Il ajoute que "les frappes aériennes ne font généralement pas autant de victimes que ce qui est décrit".
Israël affirme que son opération vise les combattants du Hamas et que ses forces armées "prennent toutes les précautions possibles pour atténuer les dommages causés aux civils".
Les FDI accusent le Hamas d'utiliser des civils comme boucliers humains et de se cacher dans des installations médicales. Elle a diffusé des images de tunnels que les forces israéliennes disent avoir découverts à proximité et sous des hôpitaux, ainsi que des armes que les troupes auraient trouvées dans des établissements médicaux.
L'armée israélienne a également accusé le Hamas d'utiliser des ambulances - mais pas spécifiquement celles du Croissant-Rouge palestinien - pour transporter des combattants et des armes.
Le Croissant-Rouge palestinien affirme que 16 de ses propres véhicules ont été mis hors service par les combats depuis le 7 octobre et qu'au total, 59 ambulances ont été complètement détruites dans la bande de Gaza.
Mme Farsakh affirme que le Croissant-Rouge palestinien n'a "jamais" fait l'objet d'interférences de la part des combattants palestiniens.
"Notre travail sur le terrain consiste à fournir des services sanitaires et humanitaires", précise-t-elle.
"Nos principes sont les mêmes que ceux de la Croix-Rouge internationale et du Croissant-Rouge international, à savoir l'objectivité et l'indépendance. "Il n'y a aucune interférence de la part d'une entité ou d'une partie.
Fin décembre, le Croissant-Rouge palestinien a réduit ses opérations dans le nord de la bande de Gaza après que les forces israéliennes ont attaqué sa base à Jabalia.
Les FDI nient avoir ouvert le feu sur la clinique ou à l'intérieur de celle-ci, affirmant avoir "localisé une cellule de nombreux terroristes du Hamas dans une clinique du Croissant-Rouge, certains d'entre eux portant des uniformes et des gilets du Croissant-Rouge".

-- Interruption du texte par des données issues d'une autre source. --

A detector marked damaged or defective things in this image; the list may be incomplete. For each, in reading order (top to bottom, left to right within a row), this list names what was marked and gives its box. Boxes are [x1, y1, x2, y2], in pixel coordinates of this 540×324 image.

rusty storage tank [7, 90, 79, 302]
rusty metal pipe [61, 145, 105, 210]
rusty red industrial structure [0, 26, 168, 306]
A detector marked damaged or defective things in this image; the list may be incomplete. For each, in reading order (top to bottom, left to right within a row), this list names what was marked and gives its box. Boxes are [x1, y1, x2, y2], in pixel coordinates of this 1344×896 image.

Mme Farsakh affirme qu'il n'y a "absolument rien de vrai" dans cette affirmation et que la clinique ne contenait que des ambulanciers, des bénévoles et des blessés issus de familles déplacées.

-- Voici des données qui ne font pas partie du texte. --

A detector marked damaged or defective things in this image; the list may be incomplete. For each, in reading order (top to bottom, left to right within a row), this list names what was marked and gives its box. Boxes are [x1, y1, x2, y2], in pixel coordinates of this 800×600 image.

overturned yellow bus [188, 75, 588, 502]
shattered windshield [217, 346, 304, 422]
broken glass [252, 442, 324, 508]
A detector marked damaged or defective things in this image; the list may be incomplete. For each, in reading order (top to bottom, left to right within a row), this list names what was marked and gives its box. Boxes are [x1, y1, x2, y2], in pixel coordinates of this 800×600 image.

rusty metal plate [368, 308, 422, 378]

Alaa, Rami et Mahmoud se sont tous déplacés vers le sud et ont continué à travailler comme ambulanciers dans la région de Khan Younis, bien que Rami soit récemment retourné dans le nord.

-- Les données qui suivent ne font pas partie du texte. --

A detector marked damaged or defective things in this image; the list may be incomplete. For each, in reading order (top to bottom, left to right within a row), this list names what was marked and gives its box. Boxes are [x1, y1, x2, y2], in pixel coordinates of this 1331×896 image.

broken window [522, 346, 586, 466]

Fin janvier, alors que les combats s'intensifiaient autour de Khan Younis, Mahmoud a emmené sa femme et ses enfants - Mohamed, 6 ans, Leila, 5 ans, et Layan, 3 ans - vivre dans une tente à al-Mawasi, une zone désertique côtière précédemment désignée comme zone de sécurité par Israël.
Quatre mois après la mort de son père, il affirme que son engagement à aider les malades et les blessés se poursuit : "C'était le message de mon père et je dois continuer à le faire".